If there is one God, why do religions differ? Why are disagreements so vehement that they lead to “holy” wars that create social upheavals and suffering over vast regions? These wars continue even today; some frame the invasion of Ukraine as a holy war.
God’s Ancient Covenant
All Abrahamic religions consider the ancient covenant of God as central to their beliefs, beginning with Noah. God’s promise to Abram (Abraham) renewed that covenant, and continued with Moses, David, Jeremiah, and on into the New Testament. Islam revitalizes and further explains this ancient covenant, even beginning with Adam.
With these fundamental agreements, why do disagreements continue to prevail?
Social Evolution
Times change. With changing circumstances, humans adapt. Early settlements developed systems of governance guided by religious beliefs. Changing times brought changing interpretations of holy scriptures.
As God revitalizes the ancient covenant through periodic prophets, updated religious teachings re-state fundamentals, like the Golden Rule. They also are more nuanced, commensurate with man’s abilities to understand and implement God’s updated guidance. As Christianity fell into doldrums during the “Dark Ages,” God’s revitalized message, renewed in the Quran, created the thriving Nation of Islam. Christianity responded with the Crusades to control the Holy Land.
Despite that period’s bloodshed, the Crusades resulted in the European Renaissance, a revitalization of art, literature, and science. Christianity underwent transformations.
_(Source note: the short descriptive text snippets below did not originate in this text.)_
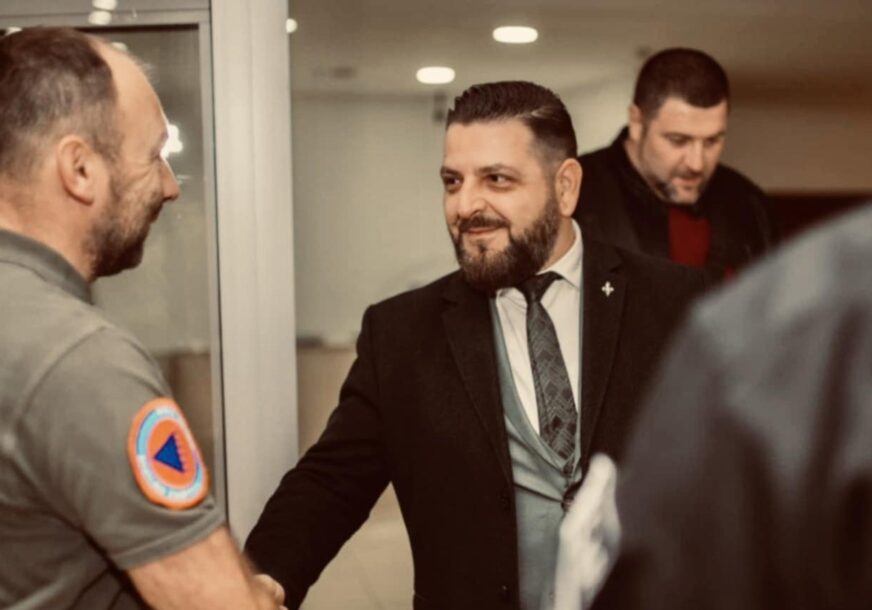 FOTO: USTUPLJENA FOTOGRAFIJA
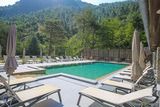 Piscina - Terrazza del ristorante a Corte in Alta Corsica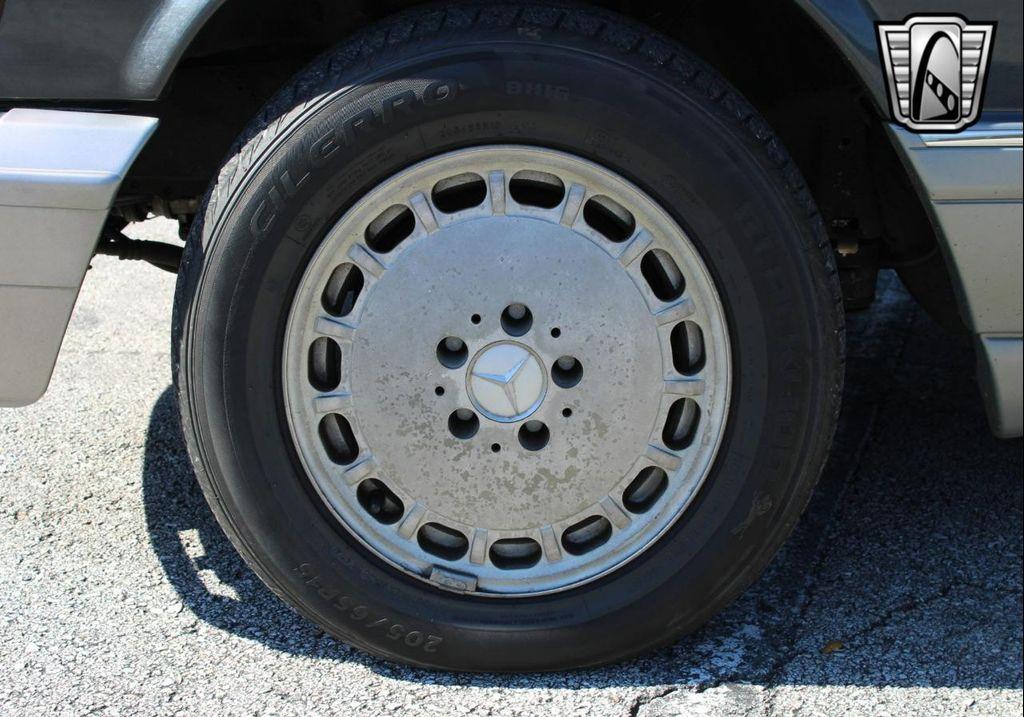 used 1988 Mercedes-Benz S-Class car, priced at $16,500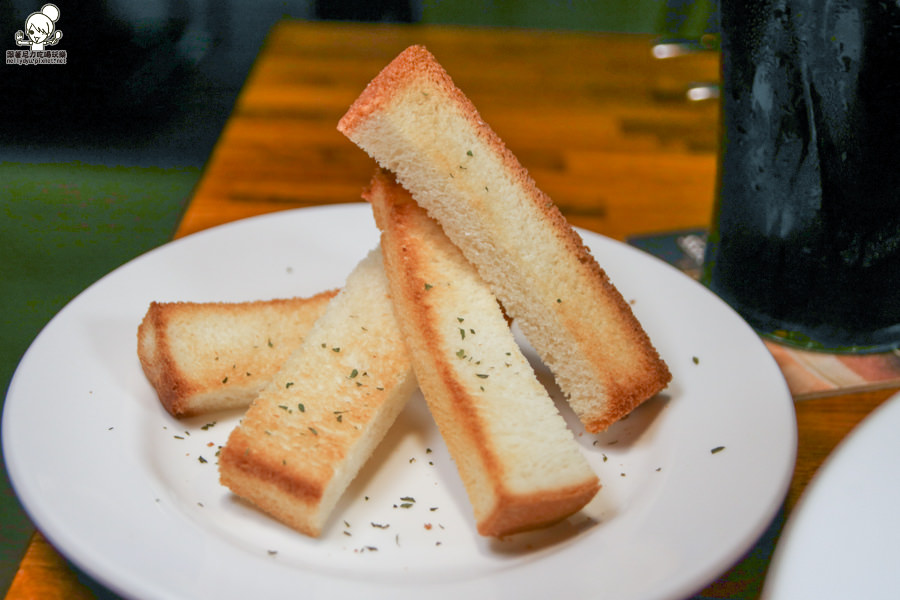 麋鹿背包餐酒館 高雄餐酒館 愛河 巷弄 酒館 飛鏢 (31 - 45).jpg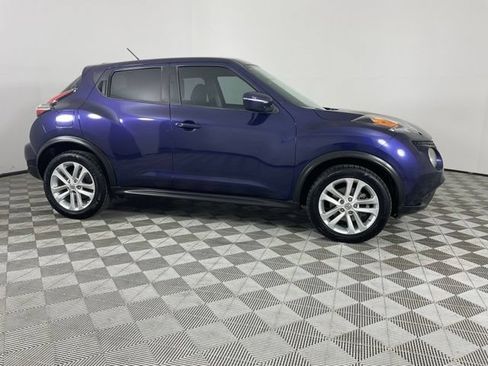 Used 2015 Nissan Juke S FWD image 11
As literacy became more widespread, scholars translated the Bible (initially a capital offence) into colloquial language the common folk could read.
Further Renewal
In keeping with this historic spiritual panorama, the 19th century saw two more renewals of the ancient covenant in short succession. The first was in 1844, when a Persian merchant took the title “Bab,” proclaiming he was a Messenger from God, a “Gate,” sent to herald the coming of one greater than himself. He was martyred in 1850.
Two years later, one of his followers, a Persian nobleman, was incarcerated in a foul underground dungeon. While there, he received the intimation that he was the Promised One prophesied by the Bab. After several months, near death, he was released and immediately banished to Baghdad in 1853. He was successively exiled further to Constantinople (Istanbul), Adrianople, and finally, the prison city of Akka in the Holy Land. He remained prisoner there until his death in 1892.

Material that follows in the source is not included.